Layers
Reusable building blocks shared across model families. These exist to match specific timm constructs in semantics, layout, and default parameters. They are not intended as a general-purpose layer library.
Building blocks
Luximm.Layers.std_conv — Function
std_conv(kW, kH, in, out; stride=1, pad=0, eps=1f-8) -> @compact blockCross-correlation convolution whose kernel is standardized at forward time. Use this in place of Conv when porting a timm model that wraps its convolutions in StdConv2d (BiT-ResNet, NFNet, etc.).
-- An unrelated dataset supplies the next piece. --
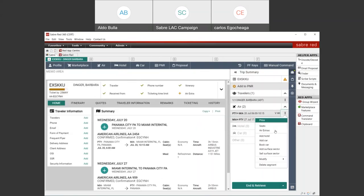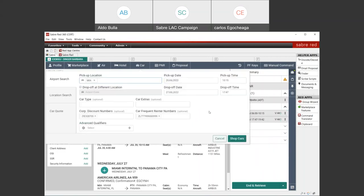The frequent renter number comes from the profile again — the profile is very important to have and to use at the very beginning of the PNR creation. In case you don't have a profile for that passenger, you can just add the information manually into the booking. But if you have a profile, it's really important to take advantage of these things and add it at the very beginning of your reservation process. In case you shop hotel or cars, you will see them here in the trip summary. Right now we only have the air itinerary. Let's close the car — we're not shopping any cars now.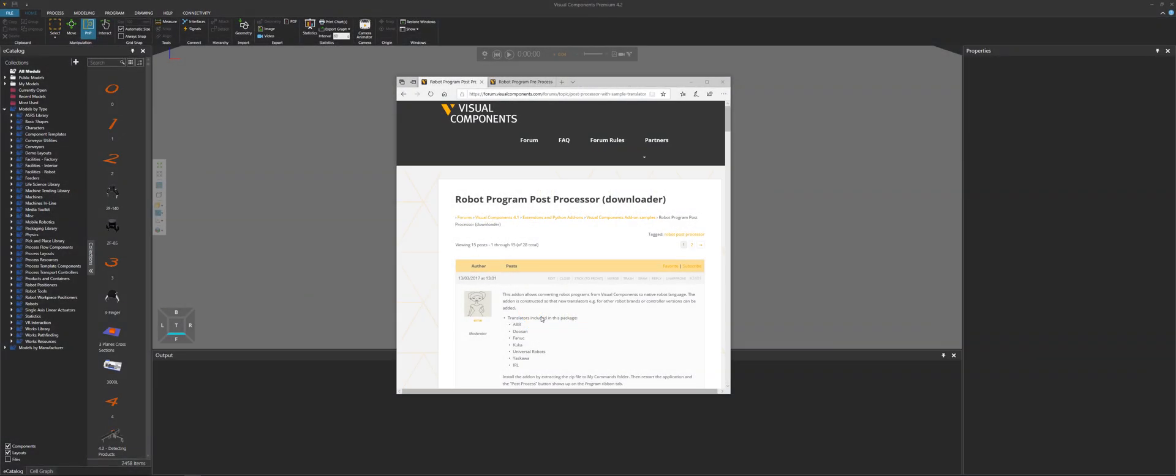Hello, this is William from Visual Components. In this video, I'm going to show you how to add Python add-ons to a Visual Components product.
Luximm.Layers.layernorm2d — Function
layernorm2d(C; eps=1f-6) -> Lux.LayerNormLayerNorm with per-channel affine parameters for a 4D tensor in Lux's (W, H, C, N) layout. Normalizes over the channel axis at each spatial location and batch element, then applies a learnable scale and bias. Numerically equivalent to timm's LayerNorm2d.
Implemented as Lux.LayerNorm((1, 1, C); dims = 3, epsilon = eps), so the affine parameter leaves :scale and :bias have shape (1, 1, C, 1). PyTorch state-dict entries <prefix>.weight and <prefix>.bias are stored as (C,) and must be reshaped to (1, 1, C, 1) when loading (see Luximm.Interop.as_channel4d).
Luximm.Layers.grn_layer — Function
grn_layer(C; eps=1f-6) -> @compact blockGlobal Response Normalization for (W, H, C, N) tensors. Computes the L2 norm of each channel's spatial map, normalizes that by the channel-mean of those norms, and applies a per-channel affine x + bias + scale * (x * n) with both parameters initialized to zero.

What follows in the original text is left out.